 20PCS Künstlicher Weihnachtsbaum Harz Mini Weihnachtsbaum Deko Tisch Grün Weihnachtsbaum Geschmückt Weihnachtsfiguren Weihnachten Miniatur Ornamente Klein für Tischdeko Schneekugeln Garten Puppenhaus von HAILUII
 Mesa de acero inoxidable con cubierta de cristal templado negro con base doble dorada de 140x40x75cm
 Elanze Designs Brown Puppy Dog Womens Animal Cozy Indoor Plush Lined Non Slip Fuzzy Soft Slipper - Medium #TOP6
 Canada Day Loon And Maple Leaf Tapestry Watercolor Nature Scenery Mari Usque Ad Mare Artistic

#####

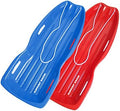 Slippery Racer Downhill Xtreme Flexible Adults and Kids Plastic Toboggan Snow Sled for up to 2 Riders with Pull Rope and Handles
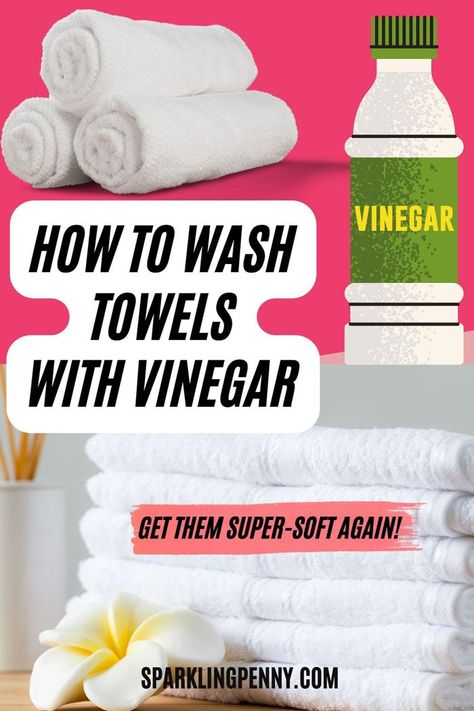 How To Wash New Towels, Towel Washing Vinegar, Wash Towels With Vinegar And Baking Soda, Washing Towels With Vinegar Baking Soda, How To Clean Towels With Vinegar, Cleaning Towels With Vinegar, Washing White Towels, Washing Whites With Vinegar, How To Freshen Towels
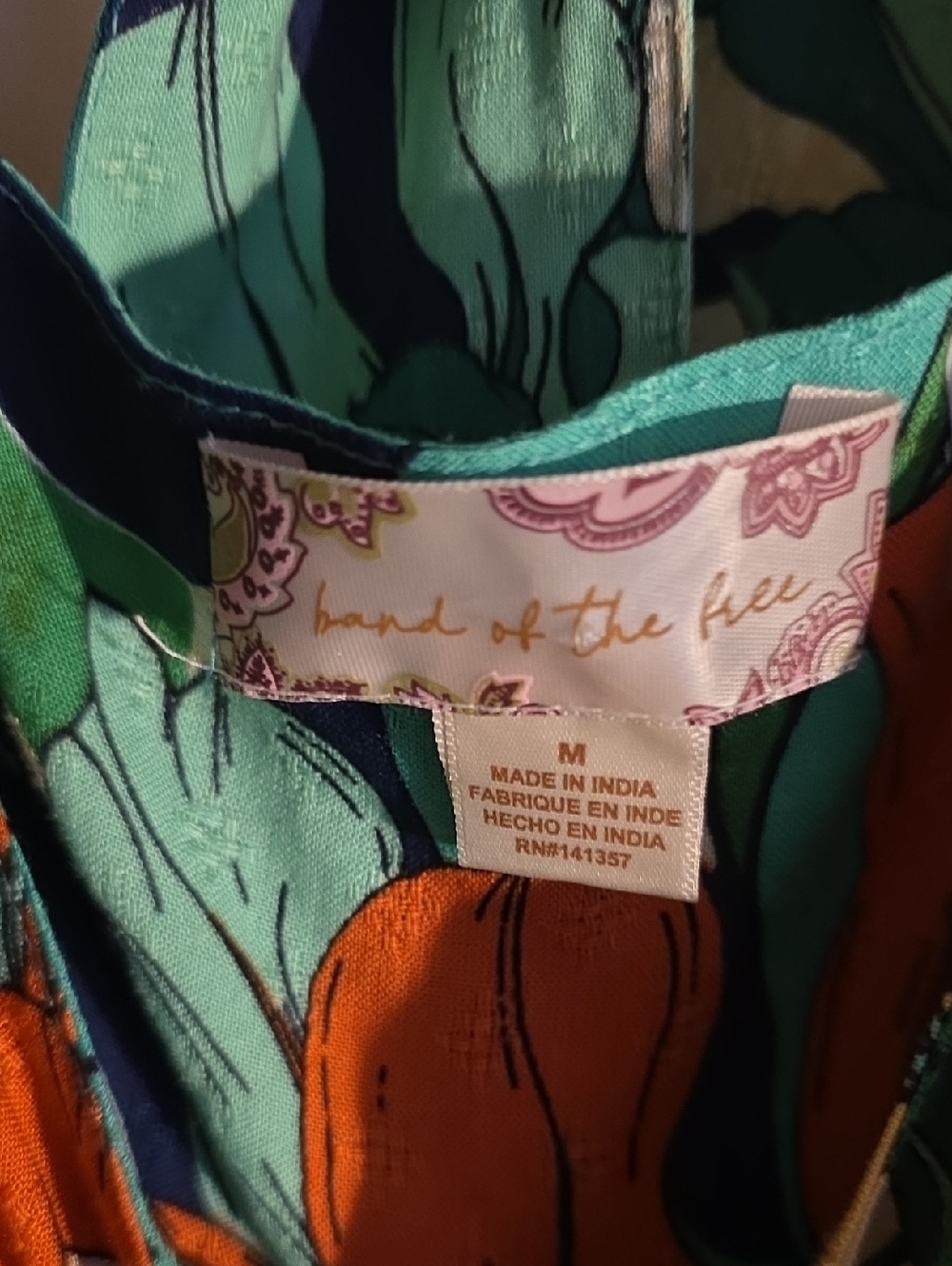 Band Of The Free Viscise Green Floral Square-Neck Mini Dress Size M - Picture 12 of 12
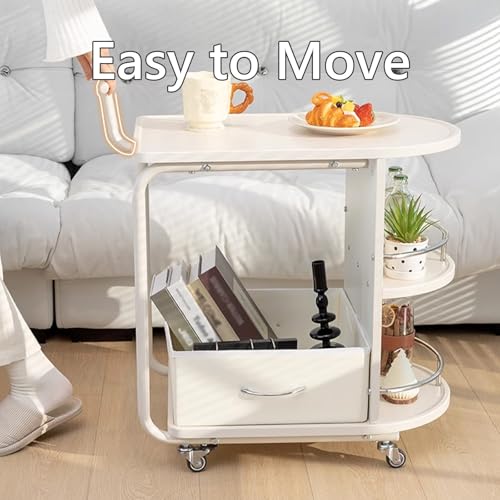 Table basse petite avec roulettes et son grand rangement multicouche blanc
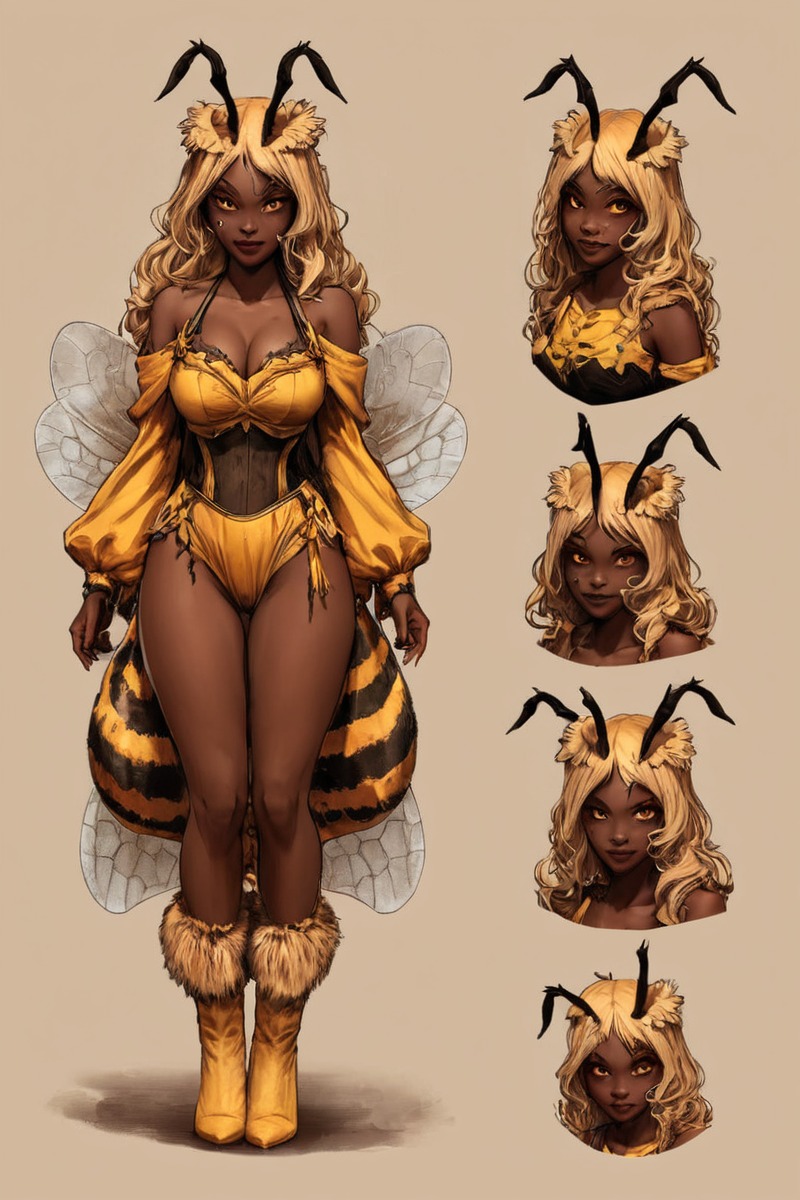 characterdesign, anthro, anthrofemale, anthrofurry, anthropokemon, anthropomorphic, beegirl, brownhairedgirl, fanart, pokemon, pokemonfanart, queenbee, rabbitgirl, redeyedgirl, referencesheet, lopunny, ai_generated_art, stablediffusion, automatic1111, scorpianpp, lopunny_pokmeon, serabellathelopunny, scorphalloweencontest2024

#####

### Requirement
Retype exactly the lines above, from the one with "Mesa de acero" through the one with "Canada Day Loon", inclusive.

### Solution for this exercise
 Mesa de acero inoxidable con cubierta de cristal templado negro con base doble dorada de 140x40x75cm
 Elanze Designs Brown Puppy Dog Womens Animal Cozy Indoor Plush Lined Non Slip Fuzzy Soft Slipper - Medium #TOP6
 Canada Day Loon And Maple Leaf Tapestry Watercolor Nature Scenery Mari Usque Ad Mare Artistic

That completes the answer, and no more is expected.